Parliament rose on the 11th of July; and Shelburne, who in order to be constantly near London had hired the villa at Streatham, once the residence of the Thrales,[2] was able to give his undivided attention to the negotiations at Paris. Thither he despatched Benjamin Vaughan, the political economist,[3] an intimate friend of Franklin, to give private assurances to the latter that the change of Administration brought with it no change of policy. To Oswald himself, who did not anticipate that the point of independence once conceded, any difficult points would arise on the American negotiation, Shelburne wrote that he hoped to receive early assurances that his confidence in the sincerity and good faith of Franklin had not been misplaced and that he would concur in rendering effectual the great work in which their hearts and wishes were so equally interested. "I beg him to believe," the letter concluded, "that I can have no idea or design in acting towards him and his associates, but in the most liberal and honourable manner.[4]

On the 9th of July Franklin communicated to Oswald the outline of the conditions which he considered might

  1. Shelburne to Fox, July 1782.
  2. Autobiography of Mme. Piozzi, i. 105, ed. 1861.

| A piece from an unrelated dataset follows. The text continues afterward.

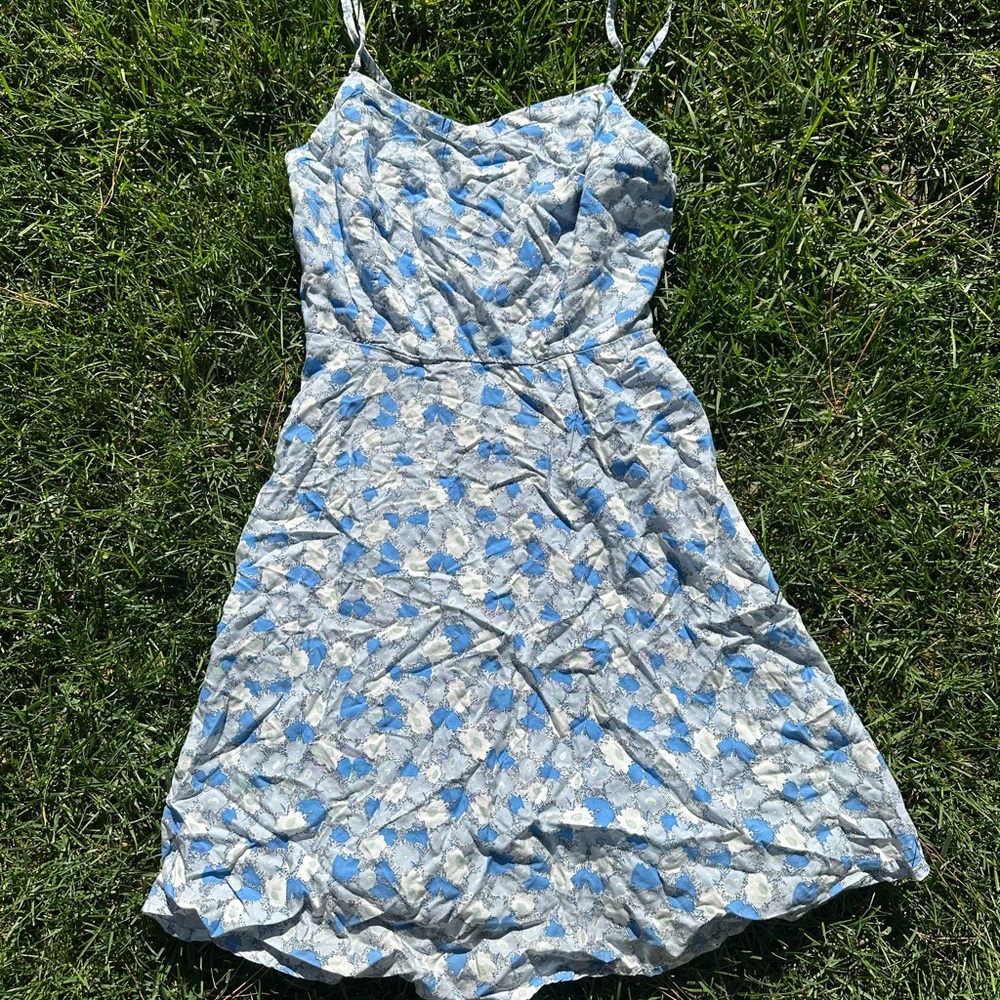 Floral Blue and White Sundress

  3. Vaughan was born in 1751 in Jamaica, the son of Samuel Vaughan, a merchant. He became acquainted with Shelburne through Benjamin Horne, the brother of John Home Tooke. He studied at Cambridge, where being a Unitarian, he was unable to take a degree. He also studied law at the Temple. Subsequently he returned to mercantile pursuits. Vaughan's wife was Sarah Manning, the aunt of Cardinal Manning. Vaughan studied mercantile questions theoretically as well as practically, and became a recognized authority as a political economist.
  4. Shelburne to Oswald, June 30th, 1782. Oswald to Shelburne, July 10th, 11th.